Trois visites étaient réalisées pendant le suivi – à l’inclusion, à 2 ans et à 5 ans – pour évaluer la progression de la rigidité artérielle et surveiller les facteurs de risque et la morbimortalité CV. Cette dernière incluait les pathologies cardiaques et cérébrovasculaires, tels qu’infarctus du myocarde, insuffisance cardiaque, AVC, AIT, et les interventions cardiaques. La mortalité toutes causes a aussi été enregistrée.
La valeur du CAVI à l’inclusion était associée au risque de morbimortalité CV chez les sujets de 60 ans et plus, d’après l’analyse statistique ajustée pour le sexe, l’âge et les facteurs de risque CV : chaque augmentation d’un point du CAVI – signant une hausse d’environ 10 % de la rigidité artérielle – était associée à un risque accru de 25 % de survenue d’un événement cardiovasculaire dans les années suivant la mesure (HR = 1,25 ; IC95 % : 1,03 - 1,51). Pour la mortalité toutes causes, l’augmentation du risque était de 37 % pour chaque augmentation d’un point du CAVI.
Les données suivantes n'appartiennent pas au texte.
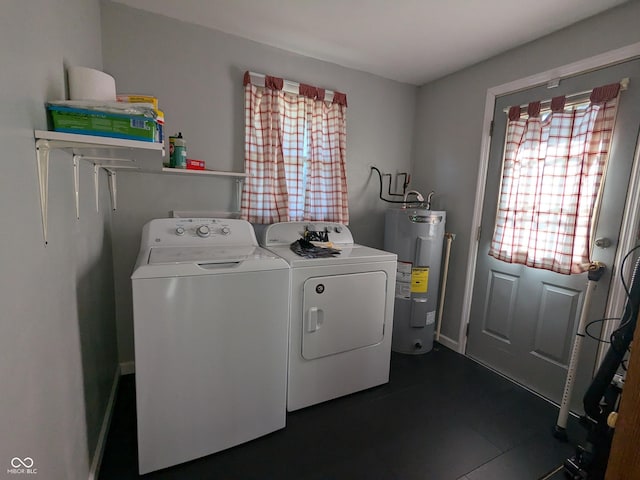 washroom featuring washer and clothes dryer and water heater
Lorsqu’ils se sont intéressés à l’évolution du CAVI sur la période de suivi, les chercheurs ont constaté que l’âge, la PA et les traitements antidiabétique et hypolipémiant étaient des facteurs prédictifs indépendants de l’évolution de la rigidité artérielle. Ces observations, encore à l’étude, soulignent le potentiel du CAVI en tant que mesure des facteurs de risque CV modifiables, et suggèrent que ces traitements pourraient permettre de ralentir la progression de la rigidité artérielle.
Enfin, ils ont observé qu’un CAVI > 9,25 était associé à un risque CV élevé à partir de 60 ans.
« Nos résultats suggèrent que l’indice CAVI pourrait être un outil de mesure de prédiction du risque cardiovasculaire, facile, rapide et non invasif. [Il] pourrait figurer à l’avenir parmi la liste des examens recommandés en clinique pour prédire le risque cardiovasculaire d’une personne et lui apporter un suivi préventif », explique Magnus Bäck, premier auteur de l’étude.
Bäck M, Topouchian J, Labat C, et al. Cardio-ankle vascular index for predicting cardiovascular morbimortality and determinants for its progression in the prospective advanced approach to arterial stiffness (TRIPLE-A-Stiffness) study. eBioMedecine 16 avril 2024.